Find the line with "Фото: Чохол INCARNE" in the records below. Output exactly from there until after the line with "Latest news about", without pictures.

#### Material for this task
_ _ _
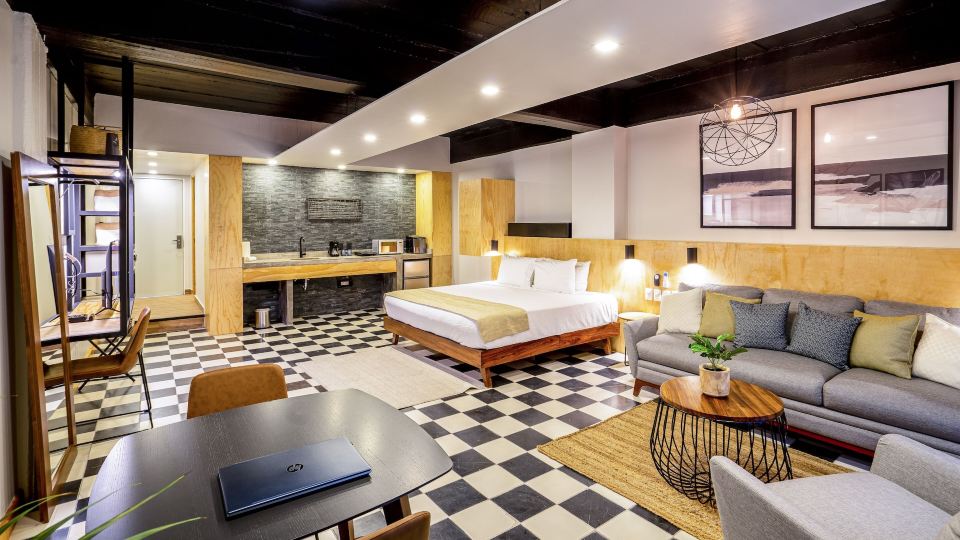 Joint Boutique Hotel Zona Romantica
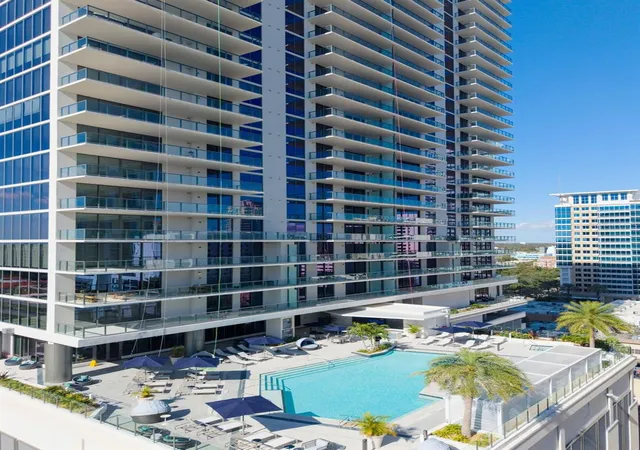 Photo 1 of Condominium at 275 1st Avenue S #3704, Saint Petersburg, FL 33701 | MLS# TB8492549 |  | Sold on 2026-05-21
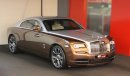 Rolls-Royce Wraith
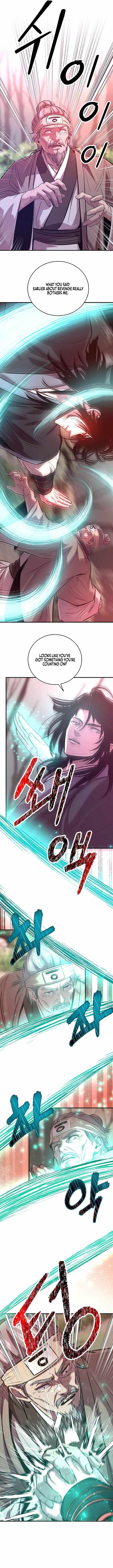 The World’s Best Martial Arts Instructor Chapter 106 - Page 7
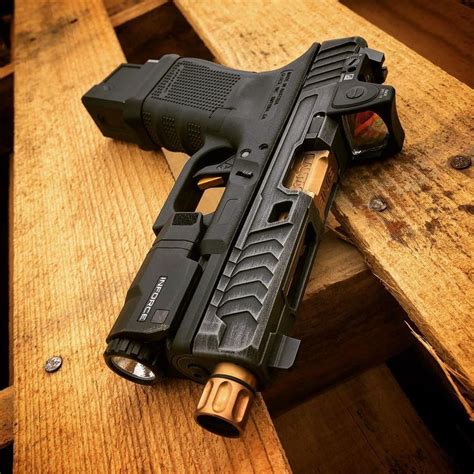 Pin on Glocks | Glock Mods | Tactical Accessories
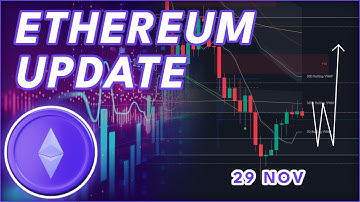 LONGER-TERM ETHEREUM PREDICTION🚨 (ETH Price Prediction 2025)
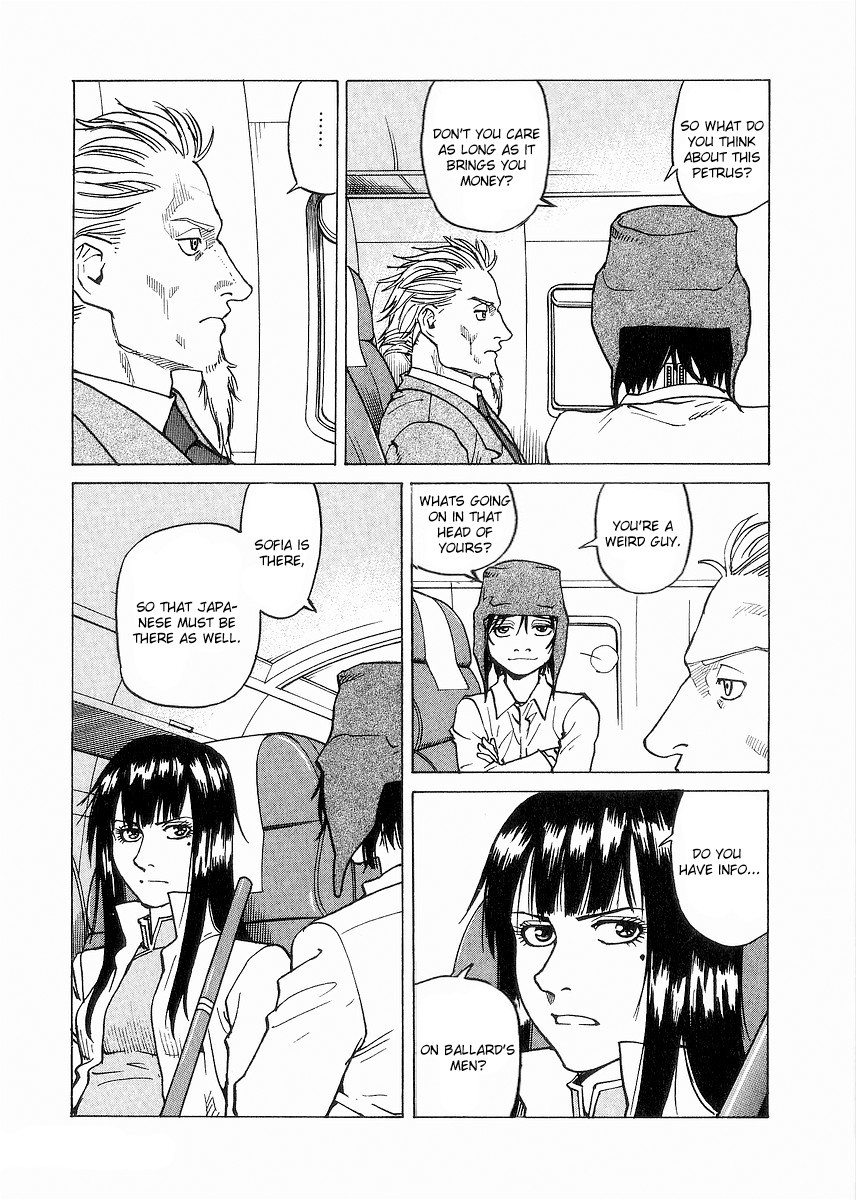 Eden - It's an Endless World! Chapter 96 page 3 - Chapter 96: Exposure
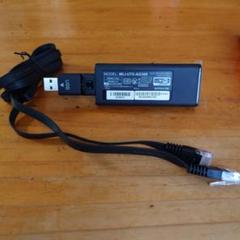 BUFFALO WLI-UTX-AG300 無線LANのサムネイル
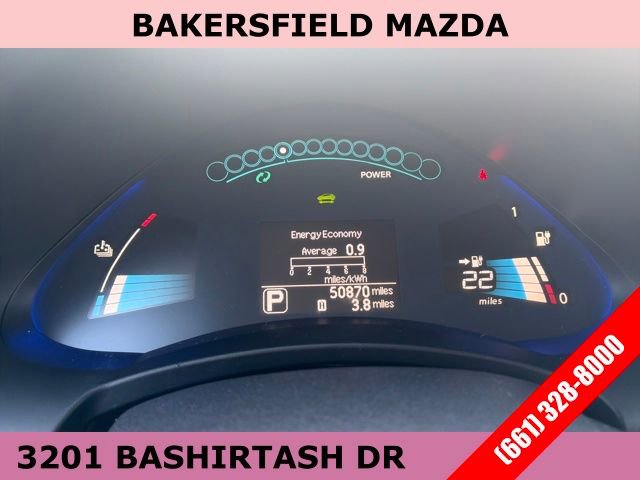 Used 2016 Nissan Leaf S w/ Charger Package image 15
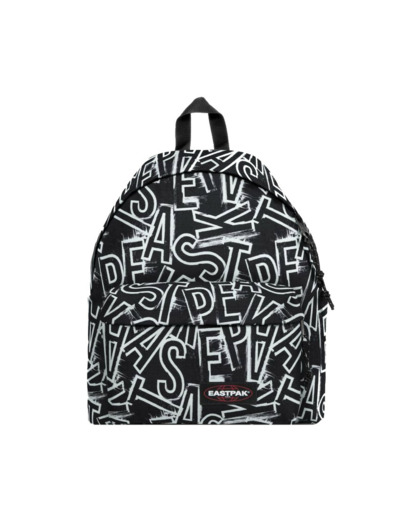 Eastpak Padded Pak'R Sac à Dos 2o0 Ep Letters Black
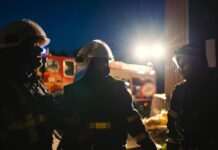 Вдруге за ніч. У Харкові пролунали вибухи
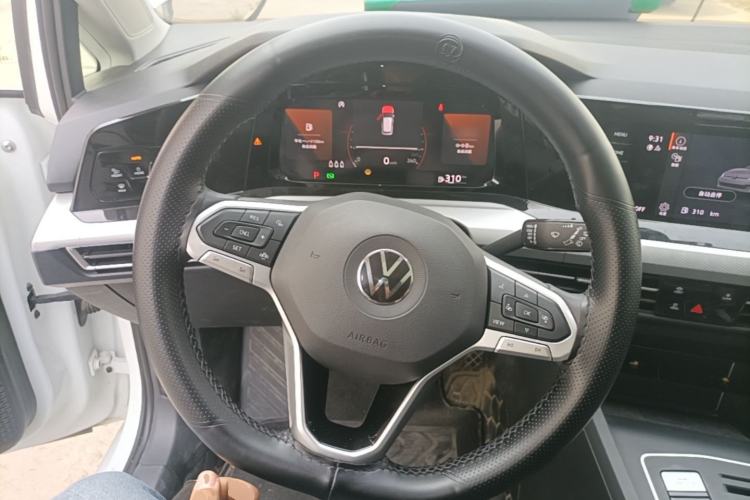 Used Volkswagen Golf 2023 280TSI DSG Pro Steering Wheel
_ _ _
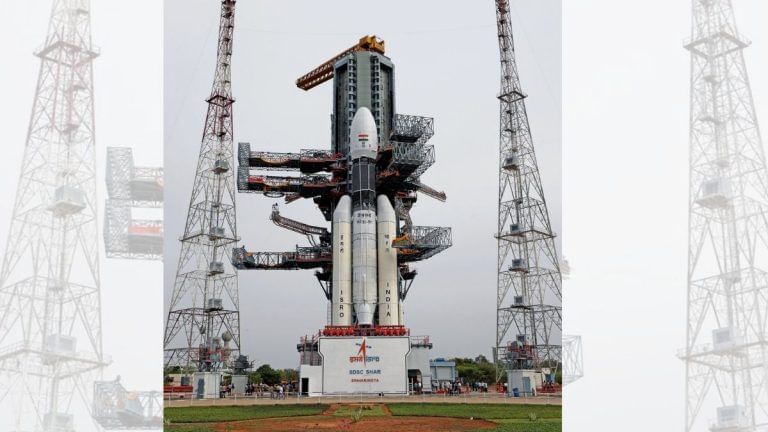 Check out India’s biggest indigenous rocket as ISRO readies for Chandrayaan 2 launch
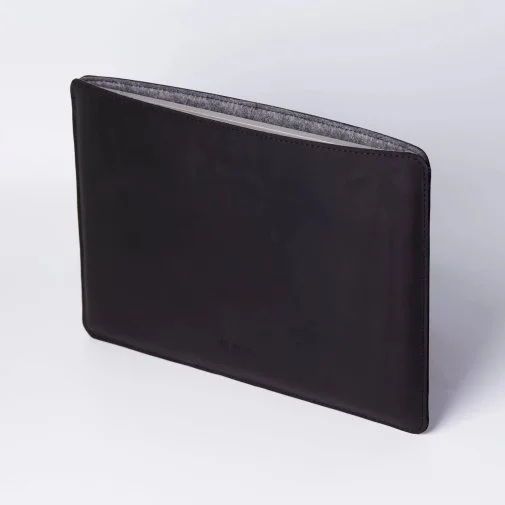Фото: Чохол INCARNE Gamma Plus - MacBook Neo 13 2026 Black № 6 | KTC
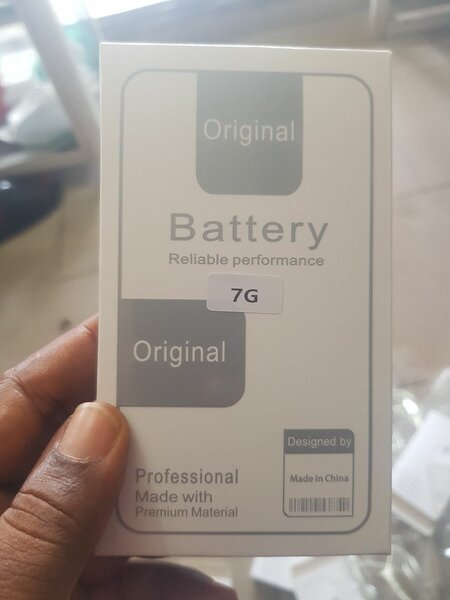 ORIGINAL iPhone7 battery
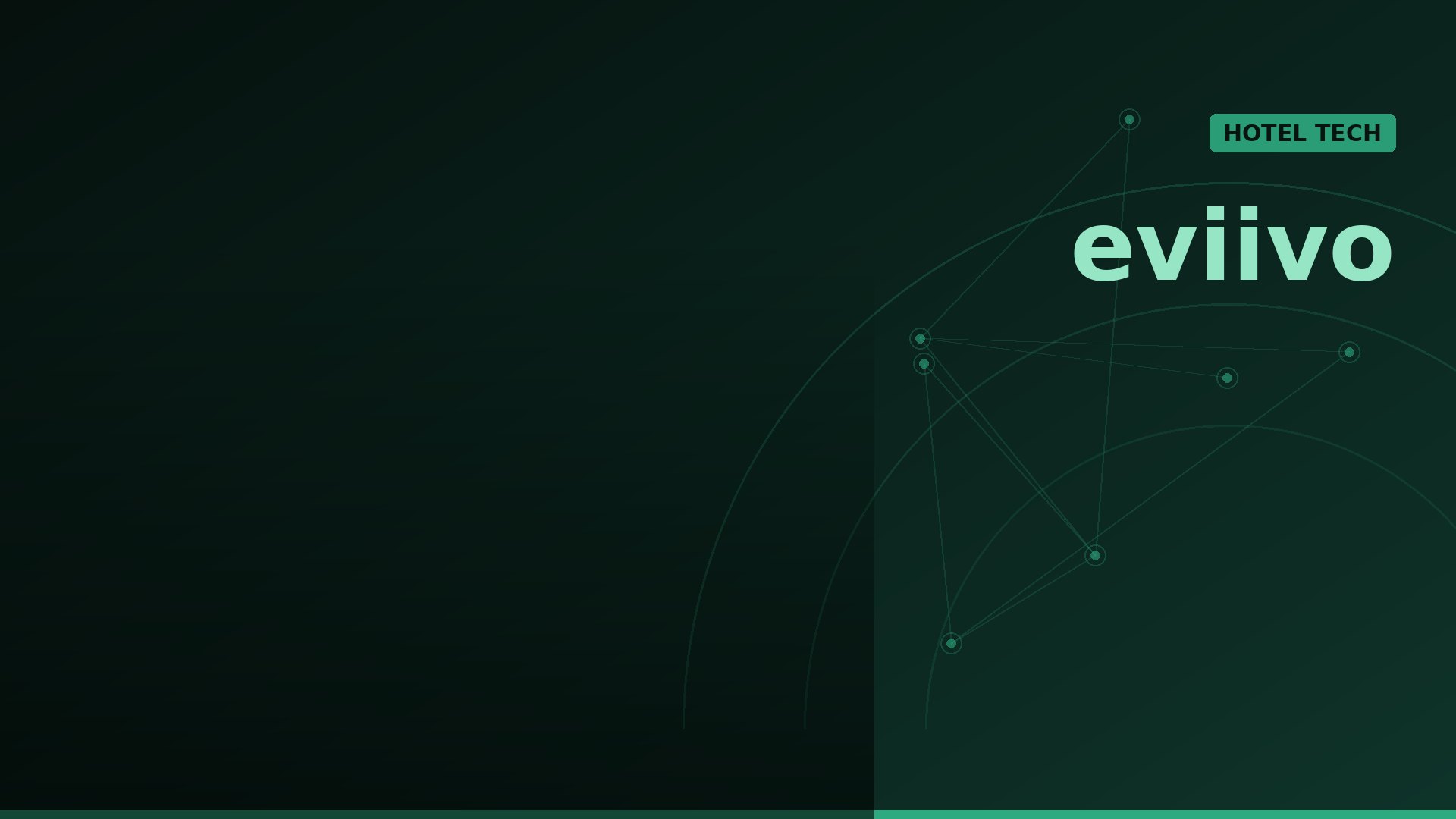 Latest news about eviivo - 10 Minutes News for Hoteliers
_ _ _
#### Task result
Фото: Чохол INCARNE Gamma Plus - MacBook Neo 13 2026 Black № 6 | KTC
 ORIGINAL iPhone7 battery
 Latest news about eviivo - 10 Minutes News for Hoteliers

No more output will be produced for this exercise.